Comments:
After graduating from Michigan in 1970, I moved to Richmond, VA, and taught math in high school for a year (hated it). Then I started work as a computer programmer, an occupation I enjoy to this day. After many years of contract work, mostly for large telecoms, I put my skills to use in the clinical trials field, programming statistical analyses of data collected during drug studies, first for a contract research organization (CRO) in Charlottesville, VA, and now for the global vaccine maker Sanofi Pasteur, in Swiftwater, PA. This is by far the most interesting work of my career.
While in Richmond, I married, divorced, married again, had my two children, and divorced their father in 1997. Then followed two very interesting years living in the Washington, DC, area on my own. I took up tower bell ringing at the National Cathedral, sang in a large chorus in McLean, volunteered as a facilitator for two organizations for people coping with divorce and separation, and met many interesting and accomplished people. In 1999, browsing the Yahoo Personals led to a meeting with Jim Swihart, with whom I have finally got this marriage thing right. Jim was finishing up a career in the foreign service with the US State Department when we met, and I moved with him to Colorado Springs when he took up his final post, as political advisor to the head of what was then the US Space Command. We loved living in Colorado, and would still be there if either of us could have found work there after Jim retired in 2002. Instead, we moved back to Virginia so that I could work (full-time for the first time in 20 years) for a CRO. This job was a good training ground for me, but 3.5 years was more than enough, and I took the better-paid and somewhat easier position I now have in NE PA, in 2006.
We have a lovely house with a fabulous view here (thanks to Jim, who does everything for me), and I do (mostly) like my job, but it is to travel that I most look forward. Having missed out on the foreign postings of Jim's career, I have been catching up ever since our honeymoon in 2001, which included my first trip to England. We have been back there several times since, usually travelling one way by ship, and have also had lovely trips to Austria, Copenhagen, and most recently to Berlin, a city where Jim worked for four years before the Wall fell. My current employer has also provided the opportunity for travel: I have gotten to go to our office in Lyon, France twice, for several days, and managed to spend a weekend in Paris with Jim on one of those trips. We have also recently opened an office in Beijing, and a trip there is still a possibility.

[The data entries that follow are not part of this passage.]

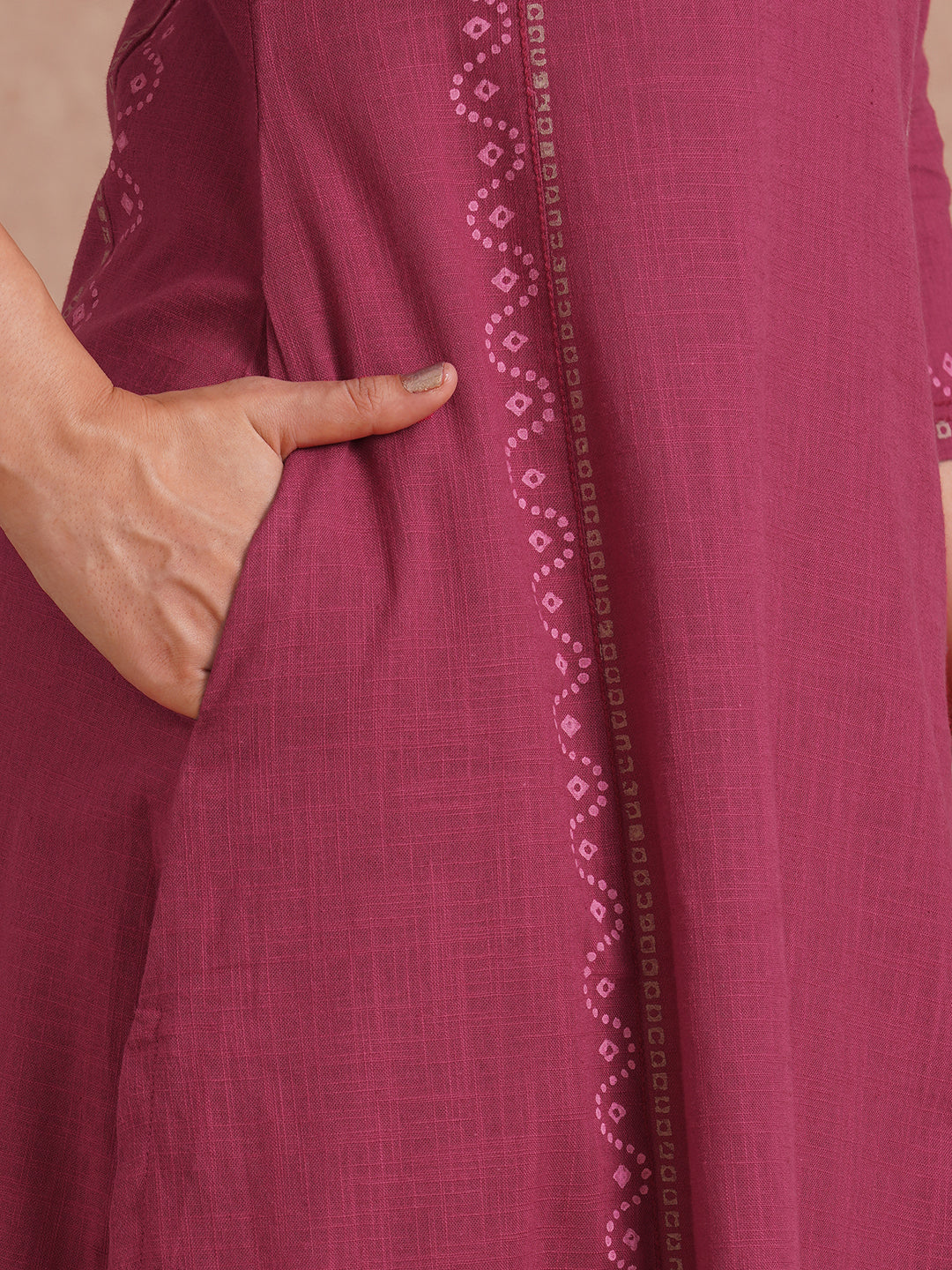 A-Line fit cotton slurb kurta with hand embroidery, block print and an inseam pocket.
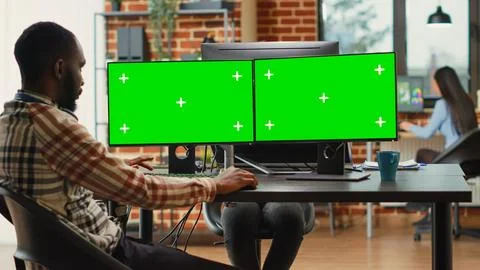 Professional IT expert analyzing greenscreen on multiple monitors Foto stock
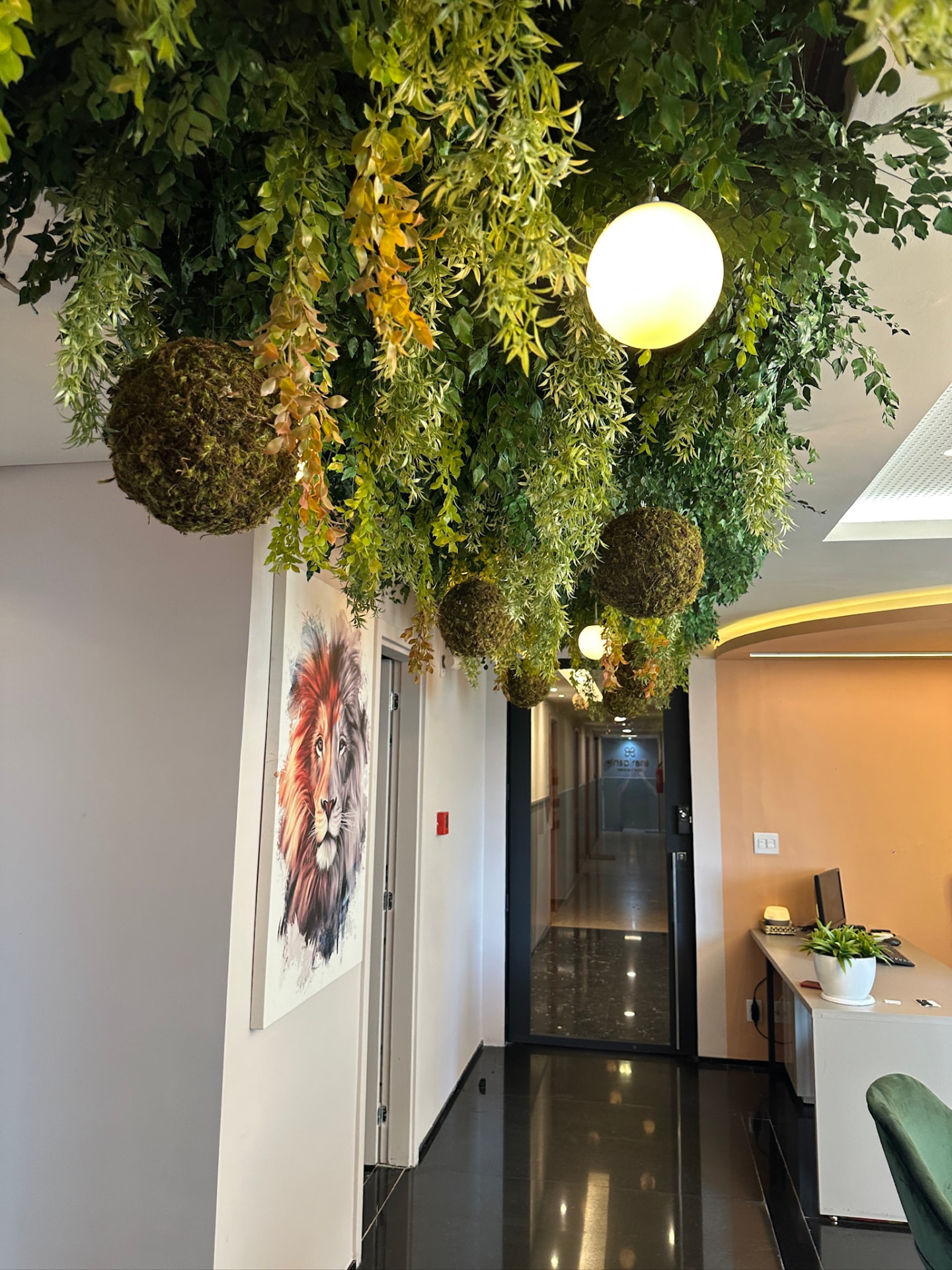 Corredor imersivo da ML2 Company com teto de plantas preservadas, bolas de musgo e quadro de leão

My daughter Kristen lives and works in LA, and we see her usually twice a year. My son still lives in Virginia. Neither is married, and I do not have grandchildren of my own, although my youngest brother, a late bloomer, has provided me with two nieces who may as well be. My father died a few years ago, but Mom still lives in Lansing, where we visit her and two of my siblings who are still there. Jim's mother lives in Maine, and he also has two grown children, and several siblings spread across this country. So we do find ourselves on the road often, visiting family. In particular, we enjoy his three-going-on-four grandchildren.
When not travelling or working, we enjoy reading, taking long walks, biking, a little skiing, and I am still singing in a chorus. Jim is a self-described political junkie, but resists my attempt to push him into active participation; we do both vote, at least.